En tout état de cause, aucun engagement ne peut être assigné à une durée perpétuelle sous peine de nullité. Exemple: le contrat de bail d’une durée de 12 ans renouvelable par tacite reconduction pour un nombre de périodes illimitées est nul.
Le contrat est
la loi des parties, mais encore doit-il être exécuté de bonne foi, l’article
1134 du Code civil énonce :
«Les
conventions légalement formées tiennent lieu de loi à ceux qui les ont faites.
Elles ne peuvent être révoquées que de leur consentement mutuel ou pour les
causes que la loi autorise.
Elles doivent être exécutées de bonne foi».
En vertu du principe de la liberté consensuelle, les juges interprètent cette règle de façon stricte afin de préserver la sécurité et la stabilité des affaires. En cas de conflit, il s’attache à vérifier si toutes les règles de bonne conduite édictées par l’article 1134 du Code civil ont été respectées. Il convient de distinguer dans cette optique les règles auxquelles sont soumises les deux parties et les règles imposées au(x) créancier(s) des obligations.
Il faut exécuter de bonne foi. Nous entendons par «bonne foi», une conduite loyale, honnête, en bon père de famille tel que le rappelle souvent la jurisprudence. Il ne suffit donc pas pour les parties de faire «tout leur possible». il faut agir sans comportement frauduleux, sans dol, sans malice. Exemple: le bénéficiaire d’une promesse de vente d’un immeuble sous condition suspensive qui empêche délibérément la réalisation de ladite condition avec l’intention de faire tomber le contrat peut se voir forcé de l’exécuter ou condamné à verser des dommages-intérêts à son cocontractant pour le préjudice subi.
Il faut respecter le devoir de conseil. Cette obligation née au moment de la conclusion du contrat (négociations) se poursuit dans l’exécution même du contrat. Le manquement à cette règle est atténué ou aggravé selon qu’il s’agit d’un contrat entre deux professionnels ou entre professionnel et non- professionnel (décret de 1978).
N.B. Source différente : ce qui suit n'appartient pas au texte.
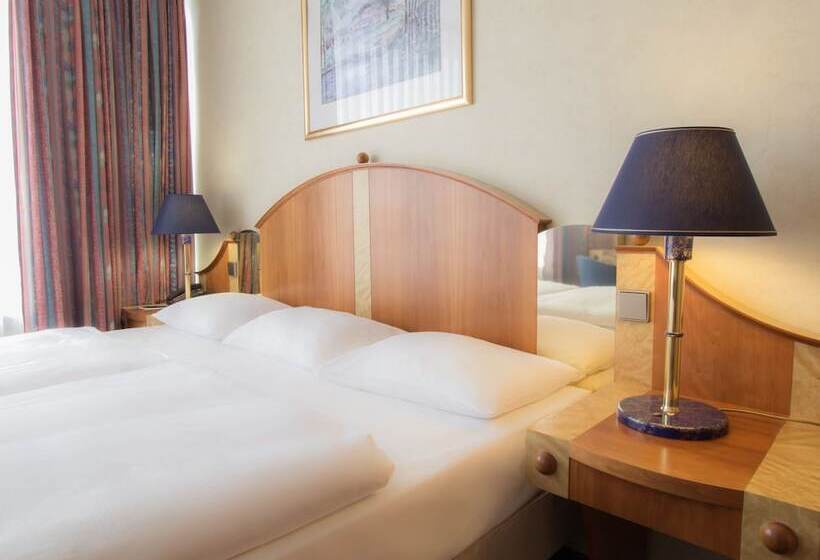 سوییت جونیور, Lindner Hotel Cottbus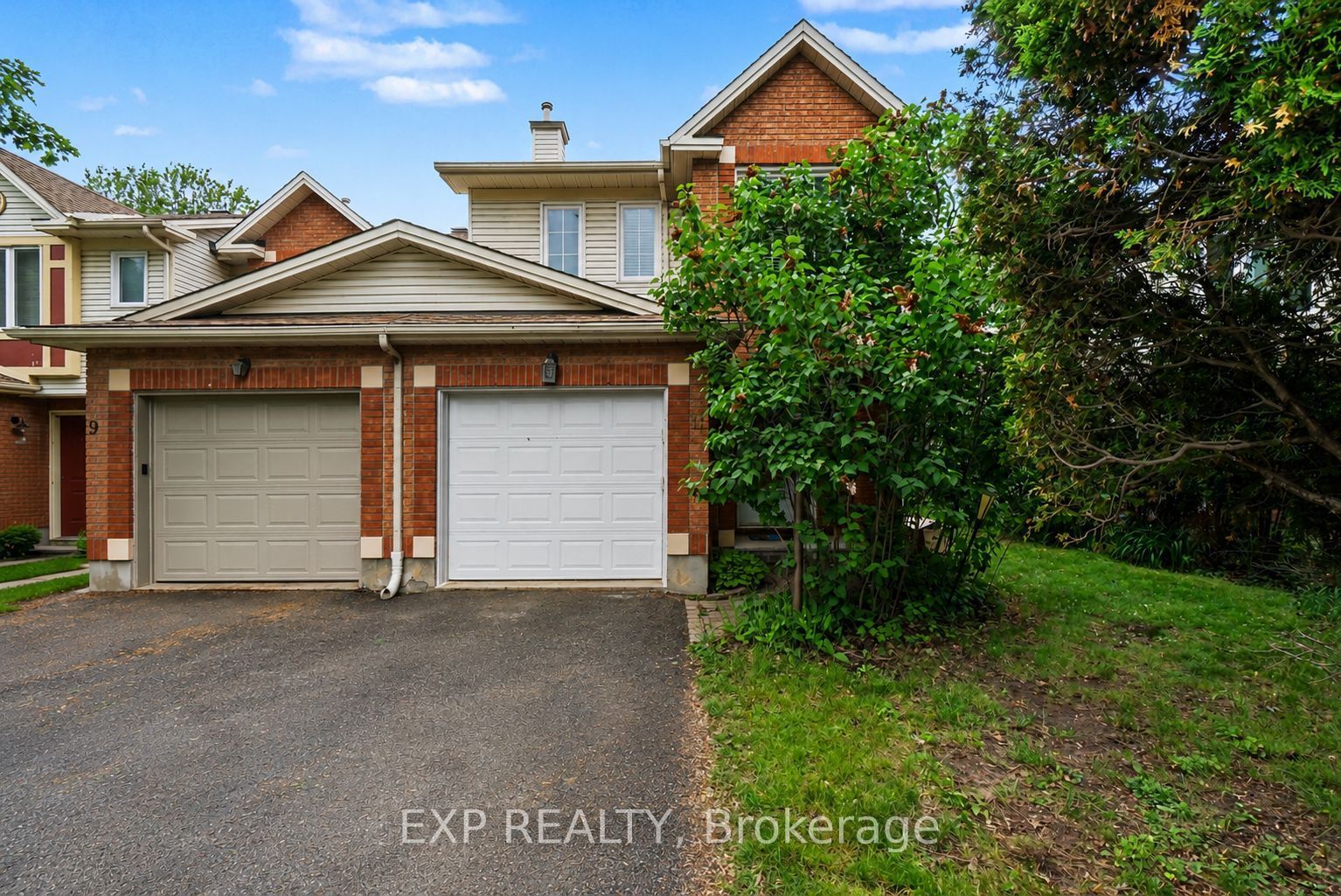 11 Longshire Circle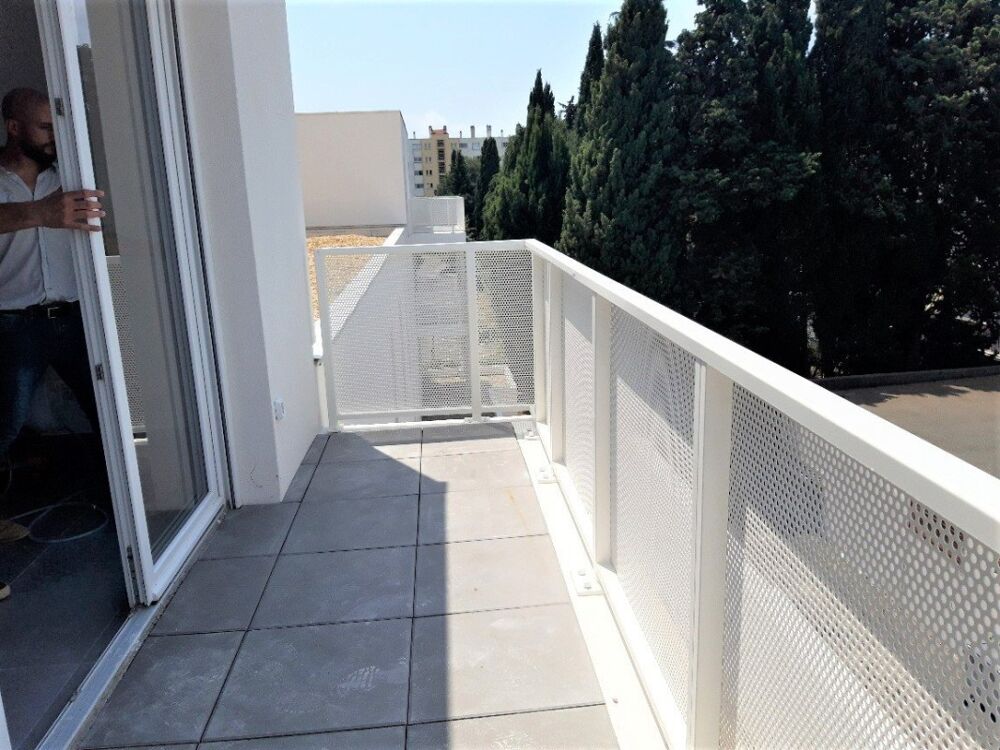 Location Appartement Très beau T1 avec parking et terrasse à MONTPELLIER Montpellier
Il faut enfin se comporter de façon raisonnable vis à vis de son cocontractant. Autrement dit, les parties doivent mettre en oeuvre tous les moyens afin de donner au contrat toutes les chances de réussir. Les articles 1137 et 1374 du Code civil entendent un comportement exempt de légèreté, c’est à dire: exécuter avec diligence; s’informer mutuellement de tout évènement susceptible de compromettre l’exécution; se rendre compte de tout défaut dans la chose ou le travail fourni ; minimiser les conséquences des dommages survenus durant l’exécution du contrat; s’interdire de se surprendre; ne pas trahir la confiance que chaque partie a faite à l’autre et veiller à sauvegarder les intérêts réciproques. Exemple: les commerçants s’engageant solidairement à rembourser une dette à leur fournisseur, s’engagent implicitement à maintenir les relations commerciales existant entre eux et ce fournisseur, au moins pour la durée de remboursement de cette dette, alors même qu’aucune clause de fidélité n’est prévue dans le contrat (Aix 29 novembre 1978).
Le créancier ne doit pas tarder à faire prévaloir ses droits. Notamment en cas de retard ou d’inexécution, il doit émettre des réserves écrites. Il ne doit pas tarder à les notifier au débiteur. Il dispose de plusieurs moyens tout en préservant les relations commerciales, tels que la lettre ordinaire, fax., télex ou lettre recommandée avec accusé de réception.
Il ne doit pas non plus faire obstacle à l’exécution du contrat par le débiteur car il risque de perdre tout moyen d’action contre celui-ci en cas d’inexécution: «contre son propre fait, nul ne peut venir». Exemple : perte du bénéfice d’une clause pénale par le créancier au motif que celui-ci a pris livraison d’une marchandise et réglé la facture sans formuler de réserves (Corn. 10 avril 1964). Exemple: un bailleur ne peut invoquer la clause résolutoire d’un bail pour défaut de remise en état des lieux par le locataire, dès lors que les travaux ont été rendus nécessaires par son propre manquement à l’obligation de délivrer la cave qu’il avait promise (Civ. 7 novembre 1978).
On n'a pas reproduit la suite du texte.